After I ended my chat and tutorial with C, I went to work on a new project due tomorrow. I had been putting it off while working on some tutorials for next week, but I still had time for dealing with it at a relaxed pace. Then I opened the document and realized that while I was distracted earlier this week, the project manager had sent me the horror of all horrible OCR jobs, an automatic conversion that violates every principle of good OCR practice. And it's Sunday. I'm screwed. No PDF to re-do the OCR my way.
Then I realized there are two possible solutions to address this problem which do not involve medium-range missiles.

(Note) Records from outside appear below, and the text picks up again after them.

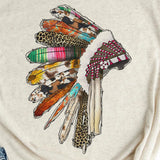 Rebel Rose Indian Headdress Graphic Tee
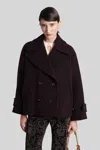 Chloé Women Violet Double-breasted Jacket With Wide Notched Revers And Dropped Shoulders In Wool Ble In Black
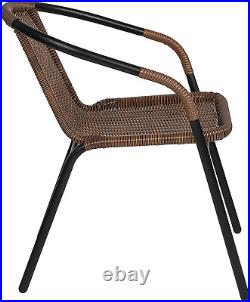 4 Pack Medium Brown Rattan Indoor-Outdoor Restaurant Stack Chair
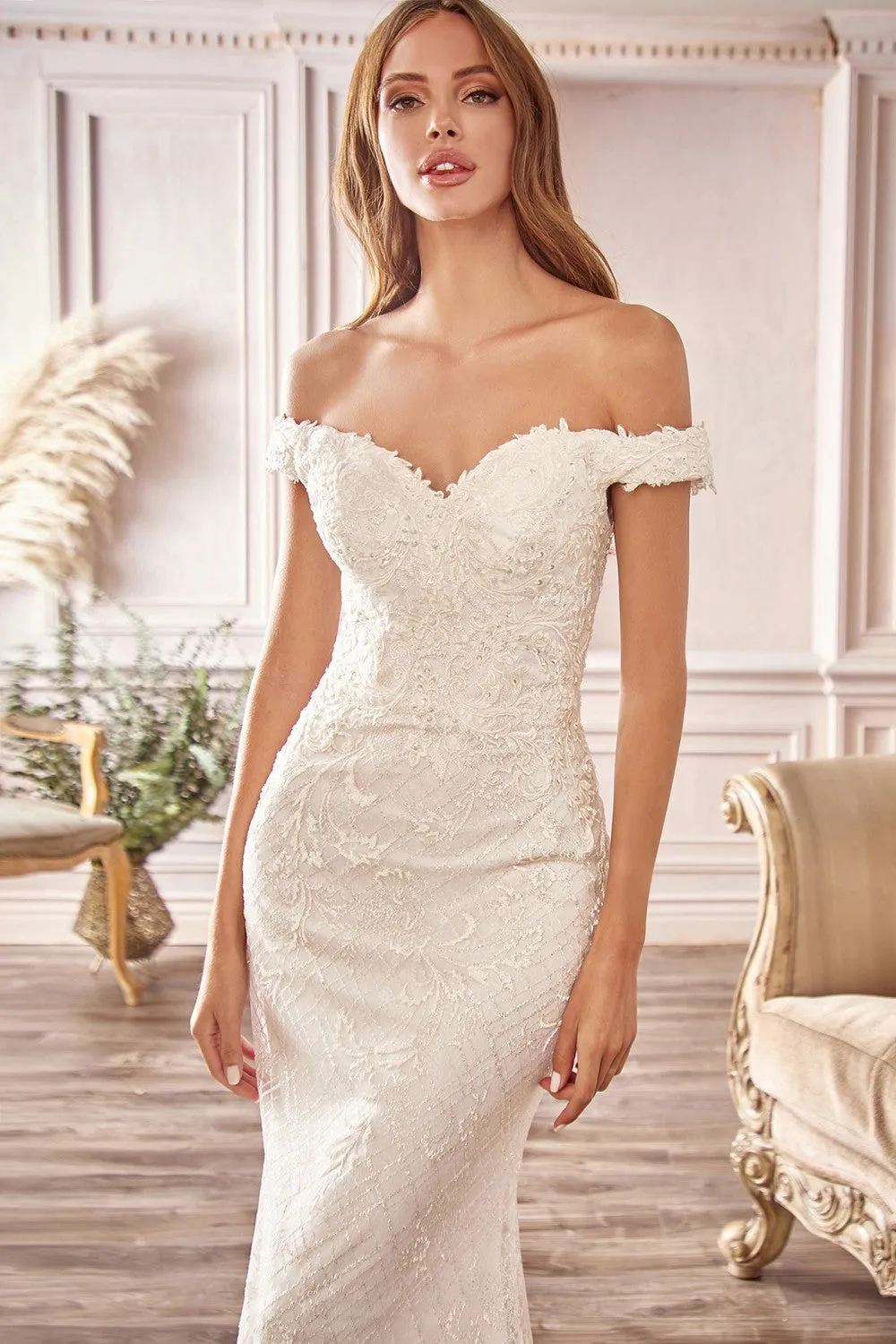 CD CD929 - Off the Shoulder Fit & Flare Wedding Gown with Floral Lace Applique & Glitter Print Skirt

I could, if the document had a lot of text boxes in bad sequence, print the file to PDF and do another OCR of that. But the text flow in this case is mostly in one block, so that's really not an issue. I followed another procedure which gave me a raw file much like I create when doing a complex OCR, which I then quickly reformatted to give me a usable source file that would not be polluted with tag trash and inconvenient text breaks. The steps were as follows:
- Save the bad OCR DOC file as plain text with the desired encoding.
- Open the plain text document in Microsoft Word or another full-featured text editor.
- Check the sequence of the text flow to be sure that it is correct and complete.
- Correct any "broken" sentences caused by line breaks in the wrong place in the OCR document. A bit of clever search and replace can usually be used to protect desired paragraph breaks before converting the unwanted ones into spaces to restore the messed-up sentences.
- Do any other formatting you want for page numbering, bold text, subtitle styles or whatever.
Cleaning up my 18 pages of garbage from the PM took a bit over half an hour altogether, including some corrections of OCR errors, and if I want to get a clean source document after my translation, I simply correct any source errors I find in memoQ as I work and export a fixed source document later.